*** Opening of Data for this exercise ***
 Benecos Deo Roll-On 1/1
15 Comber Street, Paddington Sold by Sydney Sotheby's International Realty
*** Close of Data for this exercise ***
*** Opening of Data for this exercise ***
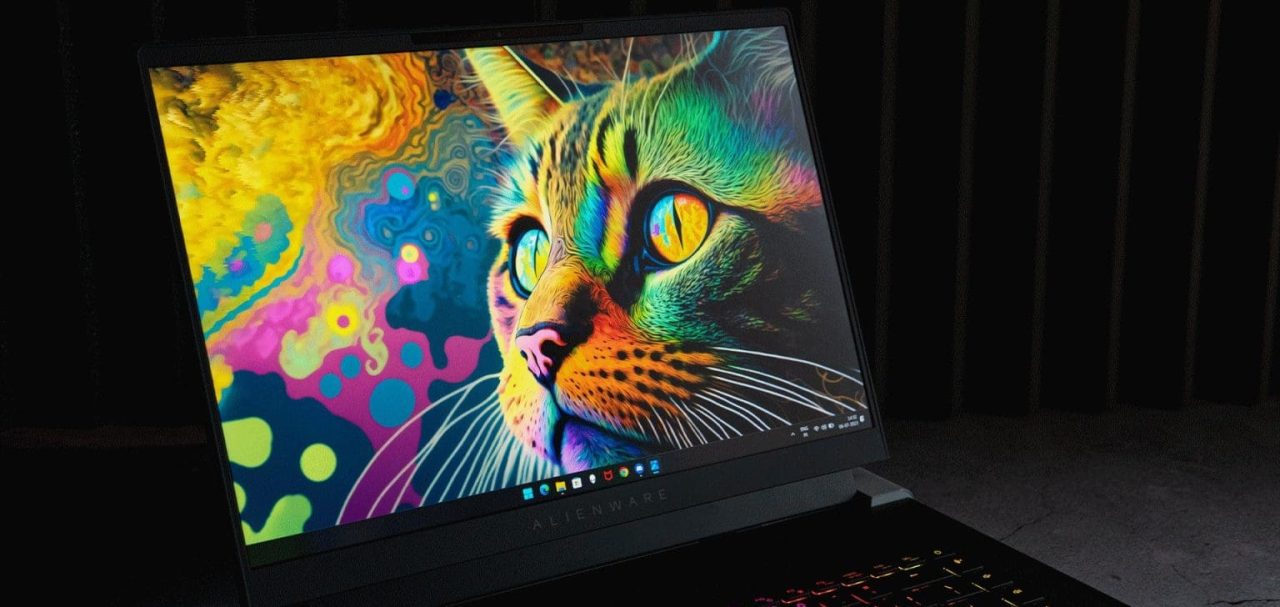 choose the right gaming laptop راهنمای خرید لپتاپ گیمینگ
*** Close of Data for this exercise ***
* **What the task requires**
Going back to the entries above, set down exactly the lines that begin at the one with "Benecos Deo Roll-On 1/1" and end at the one with "15 Comber Street, Paddington", both included, and nothing else.

* **Exercise answer**
 Benecos Deo Roll-On 1/1
15 Comber Street, Paddington Sold by Sydney Sotheby's International Realty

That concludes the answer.